Former President Donald Trump continues to maintain that he was not responsible for inciting any violence on January 6, 2021, and this is a stance that he might be able to stand with until there are criminal charges filed against him. This week the House Select committee investigating the January 6th U.S. Capitol insurrection, made four criminal referrals against Trump as the final result of their year-long investigation into the incident.
The referrals included the following four charges: “obstruction of an official proceeding, conspiracy to defraud the U.S., conspiracy to make a false statement and to “incite,” “assist,” or “aid or comfort” an insurrection.” Trump’s legal team is able to use the First Amendment as a defense for some of these charges.
Free speech has had protection from the U.S. Supreme Court for decades however, that does not mean there aren’t cases in which it has been criminalized.

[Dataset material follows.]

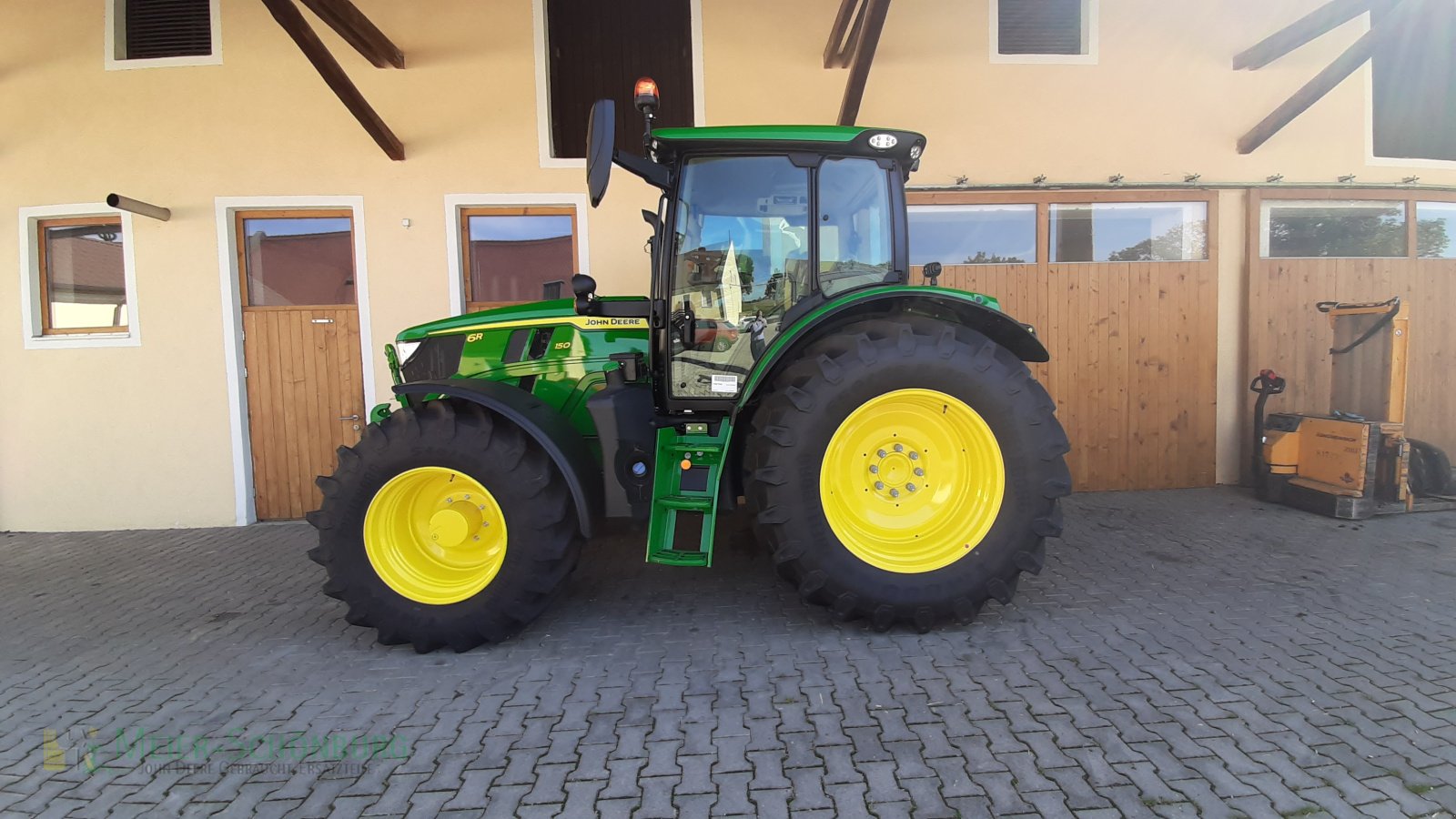 Traktor типа John Deere 6R 150, Neumaschine в Pocking (Фотография 1)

The 1969 case Brandenburg v. Ohio, sets a two-fold rule precedence for dealing with speech. The case first determined that for it to be considered criminal speech needed to have been used to incite lawless action and that the speech was also likely to be successful in doing so.
However, University at Buffalo School of Law professor Jim Gardner pointed out that currently, the Supreme Court’s conservative majority might not follow the Brandenburg rule. He added that in previous cases they have shown to “throw out long-standing precedent, and it wouldn’t surprise me if they came up with some other rule that was more speech friendly.”
On January 6, Trump delivered a Save America rally speech after which many of his supporters stormed the U.S. Capitol. During the speech, Trump told his supporters to “fight” over the stolen election. However, Trump maintains that everything he said on the day is protected by the First Amendment.